• Data excerpt:
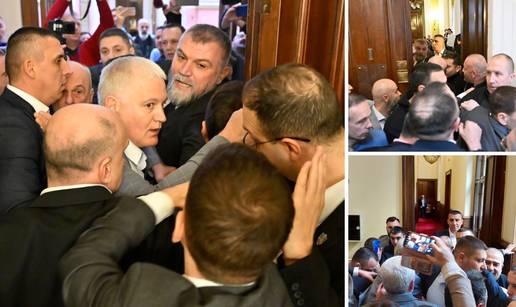 FOTO Kaos u parlamentu Srbije: Zaiskrilo između osiguranja i opozicije, pogledajte kadrove...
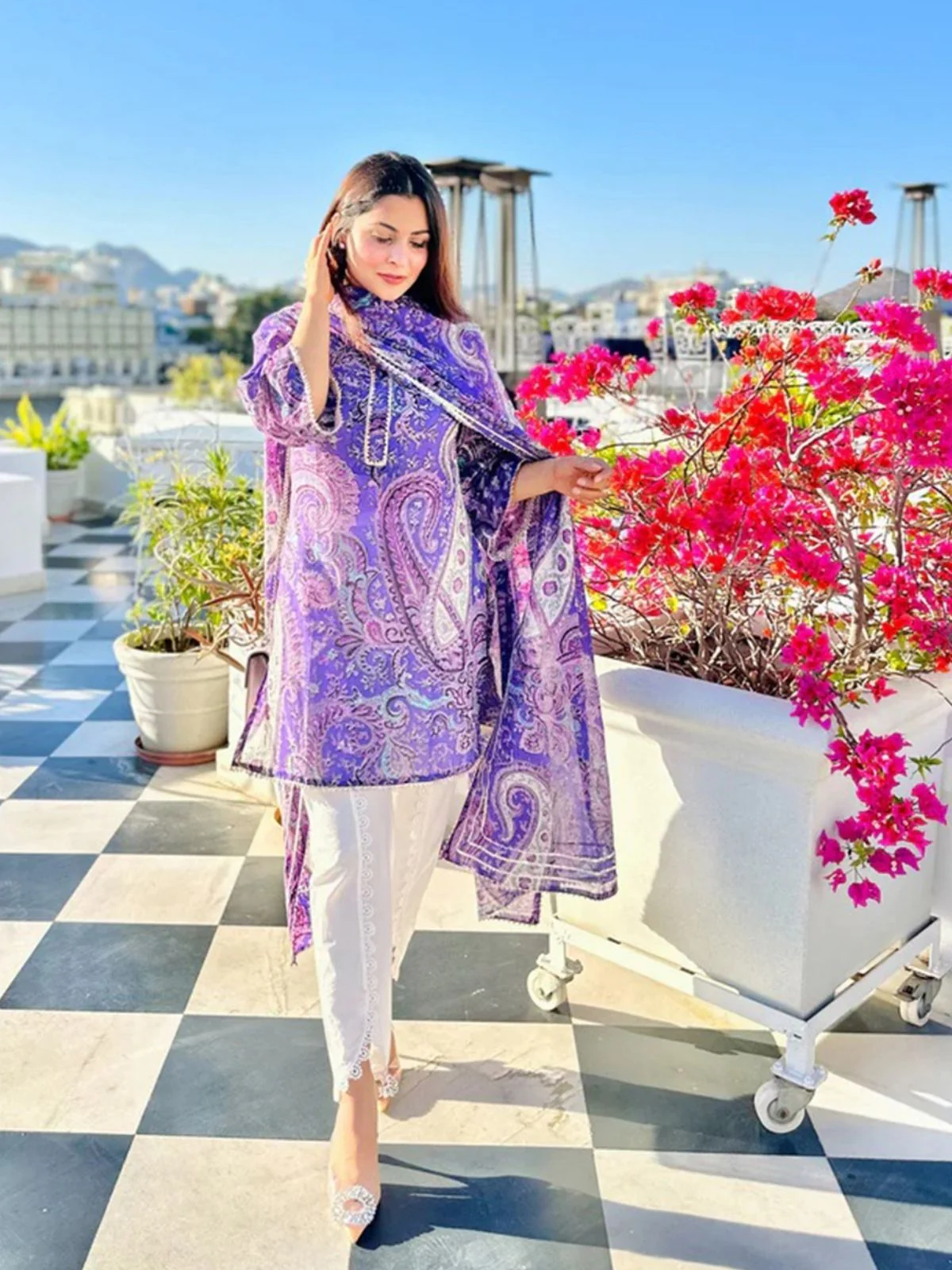 Odette Purple Viscose Printed Stiched Kurta Set For Women - Image 4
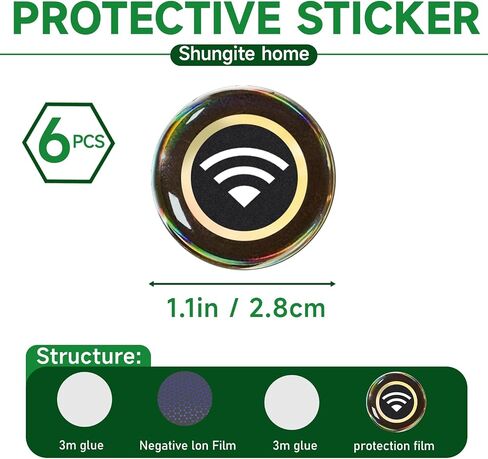 6 Pieces Blocker Protection Neutralizers Stickers for Cell Phones Tablets Laptops Computer WiFi Printer TV Electronic Devices Black in Kuwait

• What the exercise asks: Copy out the data verbatim, excluding the pictures.

• Written response:
 FOTO Kaos u parlamentu Srbije: Zaiskrilo između osiguranja i opozicije, pogledajte kadrove...
 Odette Purple Viscose Printed Stiched Kurta Set For Women - Image 4
 6 Pieces Blocker Protection Neutralizers Stickers for Cell Phones Tablets Laptops Computer WiFi Printer TV Electronic Devices Black in Kuwait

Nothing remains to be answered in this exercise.